Black Diamond joins price war for PortfolioCenter advisors
Advisor technology providers are in a price war, attempting to entice RIAs using Schwab's PortfolioCenter software to switch into their offerings. Up for grabs are potentially dozens of long-term and lucrative contracts.
Black Diamond is the latest firm to slash prices on its version of portfolio management software after a handful of its competitors, including Morningstar and Orion Advisory Services, discounted similar products in recent days. The PortfolioCenter software was purchased by Envestnet | Tamarac in February from Schwab after the custodian decided to focus on an updated platform.
“We have multiple solutions to help advisors serve their clients and grow their business, regardless of firm size or complexity,” says Bob Conchiglia, vice president of advisory sales at SS&C, Black Diamond’s parent firm. “We also have a range of short- and long-term transition options.”
The post also alluded to the potential for the price of PortfolioCenter to increase and that firms may have less options regarding portfolio management service in the future. “We welcome comparison of our solutions and services on their own merits,” according to the Black Diamond blog post. “That’s the antidote to uncertainty.”
For Black Diamond, RIAs with $100 million or more in client assets will receive a year free, according to the blog post. Firms with less in assets are offered a one-year subscription to ModestSpark, the firm’s client portal and reporting tool. To date, the subsidiary of SS&C Advent says it has transitioned more than 400 firms previously using the PortfolioCenter software.
Due to the cost and inconvenience of a transition, advisory firms tend to stick with the same portfolio management software for decades, according to experts, meaning big opportunity for technology providers.
The result of the PortfolioCenter sale has been a feeding frenzy from technology providers looking to transition RIAs onto their own platforms. While Schwab will no longer provide updates, Envestnet | Tamarac says it has no plans to discontinue the software and is signing up firms for multiple-year contracts.
Black Diamond did not respond to a request for additional details about the offer.
Competitors have not sat on their hands. Leading technology providers, like Orion Advisor Services, Morningstar and even Envestnet | Tamarac itself, have all slashed prices for similar offerings in recent days.
Orion CEO Eric Clarke called the sale a once-in-a-lifetime opportunity. “We want to try to help as many advisors as we can right now,” says Clarke. “Once advisors make these decisions they will typically stick around and form long-term partnerships. We’re helping as many as possible take a look at us.”
The Omaha, Nebraska-based firm is offering nine months of access to the firm’s Eclipse trading platform for free when firms sign up for what is typically a three-year contract.
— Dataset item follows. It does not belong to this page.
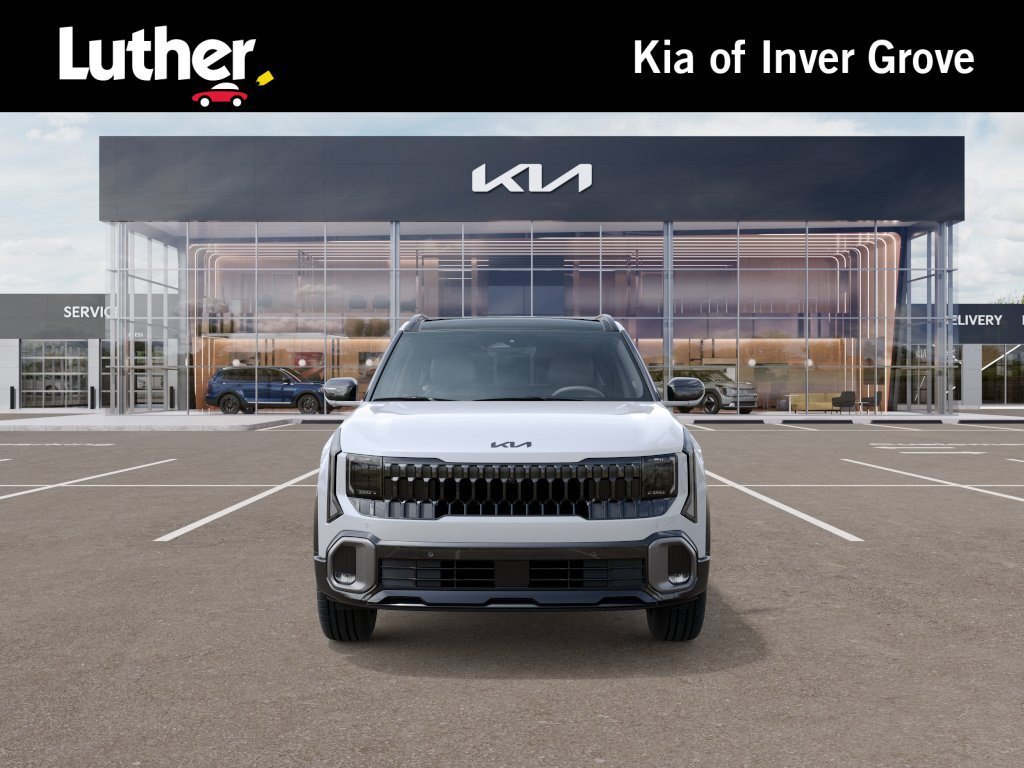 2027 Kia Seltos X-Line S AWD's photo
Firms that sign on will get access to the entire Orion suite of advisor technology, says Clarke. “We’re highly motivated to win as many of these advisors as possible," Clarke says.
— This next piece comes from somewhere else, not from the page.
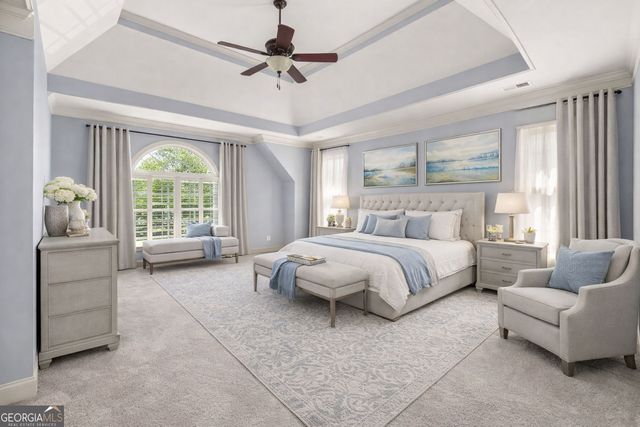 4345 Mantle Ridge Drive, Cumming, GA 30041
Not to be outdone, Envestnet | Tamarac offered bundled deals that would offer discounted rates for premium services — if advisors are willing to lock into long-term deals. The world’s leading TAMP floated four- and seven-year deals for the firm’s upgraded package, Outsourced Solutions, according to advisors who discussed the terms with Financial Planning. Those deals offered a year of Outsourced Solutions for free if advisors sign a four-year deal, or two years free if advisors sign a seven-year deal.
Envestnet expects to add $10 million in revenue once the deal closes later this year, according to executives during an earnings call when the purchase of PortfolioCenter was announced.
“It’s a really big opportunity for us,” says Andina Anderson, executive managing director at Envestnet | Tamarac, adding that the move will help the firm gain traction with smaller RIA firms on the Schwab network. “We’ve talked for years about being able to focus on the smaller end of the market and this is going to jump start us getting there.”
But will technology providers be able to lure advisors away from Envestnet | Tamarac or has the TAMP offered enough incentives to entice advisors to stay onboard? The answer might come down to the lengths of the contracts, say experts.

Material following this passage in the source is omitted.